You might wonder, what’s insidious about “Insidious?” It’s the first cinematic vision of demons that truly gets into your head, that tickles your darkest horror receptors, in a mammoth-sized, can’t forget it way. More than “Poltergeist” (1982) and perhaps anything else, you really get a surrealist dream vision of the other dimension, the dimension of lost souls. What’s the use of any of this? To scare the stuffing out of you, that’s what. Maybe you thought you were above being scared anymore of anything.

Last year’s “Splice” was a superior horror film with an intoxicating color palette, one that was often on the desaturated side. The visual design was as operatively calculated as the work of a brain surgeon. And when the sudden burst of blood hits the screen, it’s a punch in the face moment that doesn’t translate to the small screen. On the small screen, it’s entertaining, but it’s horror that shrinks to drama, the kind that doesn’t horrify you as much as interest you. Still effective though for horror lightweights.

I would consider you unlucky if you missed “Paranormal Activity” (2009) on the big screen. For those that saw it a video who thought it was scary but not that big of a deal, well then, you missed something sinister that only a pitch-black theater and a big swollen enveloped wall of grainy image can give you. That’s a case where your eyes pop open searching for clues around a large frame. On home video, the eyes are less attuned and you wait for something to happen, more passively and with less involvement. Also, the wicked laughs are big when you’re in a theater surrounded by frightened people that are more frightened than you.

"The Cell"Likewise, the zombie horror of “28 Days Later” (2002) and its sequel “28 Weeks Later” (2007) had a run and hide frenzy to it that has an apocalyptic excitement to it, and I for one, prefer my apocalyptic thrill rides on the big screen. “The Ring” (2002) had a looming suck-in thrill about it, more cleverly designed and photographed that it has often been given credit for. Tarsem Singh’s “The Cell” (2000, pic right), among the most underrated horrors and general films ever, had a Salvador Dali-esque panorama on the big-screen that was truly astounding. In the film, Jennifer Lopez by experiment plunges into the subconscious mind of a captured serial killer to track the whereabouts of a kidnapped victim, and herself becomes dizzy by his disturbed psyche. “The Sixth Sense” (1999), the I See Dead People one that was a true blockbuster hit, simply had a spellbinding power on the big screen. “The Blair Witch Project” (1999), well gee, was pretty worthless after the cat was out of the bag.

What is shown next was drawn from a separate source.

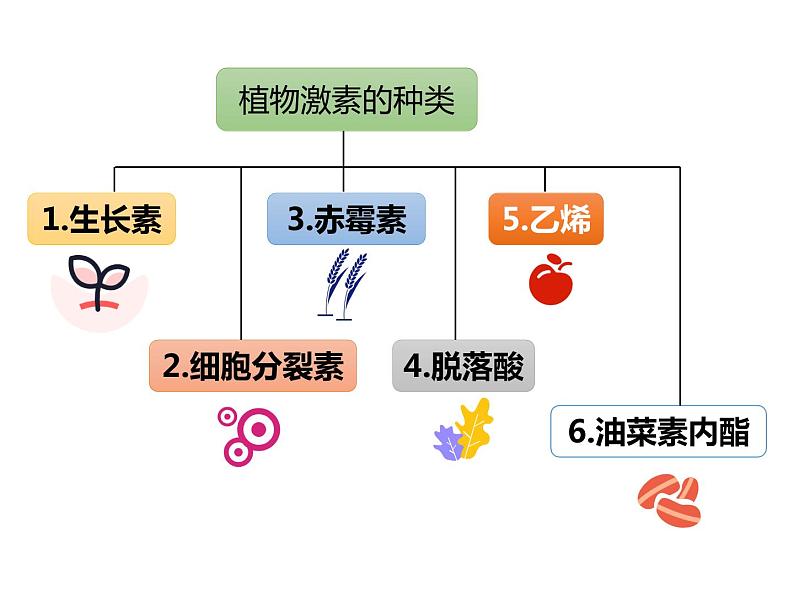 人教版（2019）高二生物选择性必修1-5.2其他植物激素课件PPT04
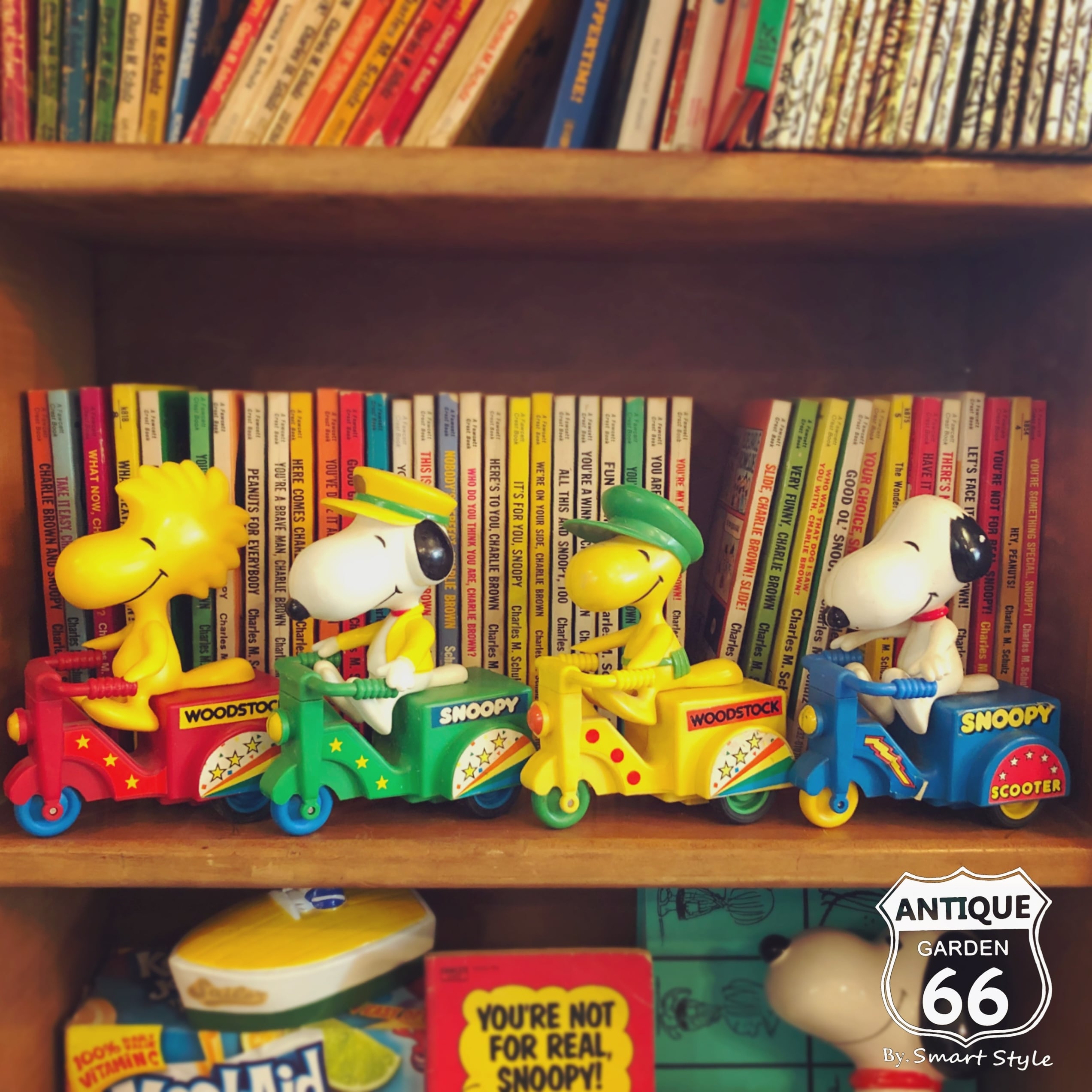 207fc9254c1e2cf61883c3aa64dd85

Forthright note: Although I was entertained enough to recommend “Scream 4” which opened this weekend, it’s one that can wait for DVD if you’re not big bones for the series in general.

The greater current film, turning over to the art of the thriller – and I mean it’s a masterpiece – is Duncan Jones’ “Source Code.” I know, it sounds like I’m tipping past quantified criticism here. To me, it seems like serious film fanatics wouldn’t dare dream that another head-spinning thriller on par with “Memento” (2001) could possibly exist post-Christopher Nolan so then the door is shut on that possibility. As background on the son of David Bowie, director Jones previously made the superbly brainy and bordering-on-schizophrenia mind-bender “Moon” (2009, pic right) with Sam Rockwell. His new film is the kind of pressure cooker, the kind of powerful situation-scenario that Hitchcock or John Carpenter could have made. Except Jones invests in an omnipresent looking-glass power, capturing an ominous feel, that is pinching in its claustrophobia. The hero is boxed-in on a non-stop 8-minute loop that varies each time in decision, action, and outcome. Indulgent Detour: Notable thrillers that come to mind where protagonists are trapped-in are “Quarantine” (2008), “The Mist” (2007), “Inside Man” (2006), “Dawn of the Dead” (2004), “ “Panic Room,” (2002), “Crimson Tide” (1995) “Speed” (1994), “Under Siege” (1992), “Runaway Train” (1985), “The Thing” (1982), “The Shining” (1980), “Assault on Precinct 13” (1976), “Alien” (1979), “Coma” (1978) “Straw Dogs” (1971), “Rosemary’s Baby” (1968) and “Repulsion” (1965).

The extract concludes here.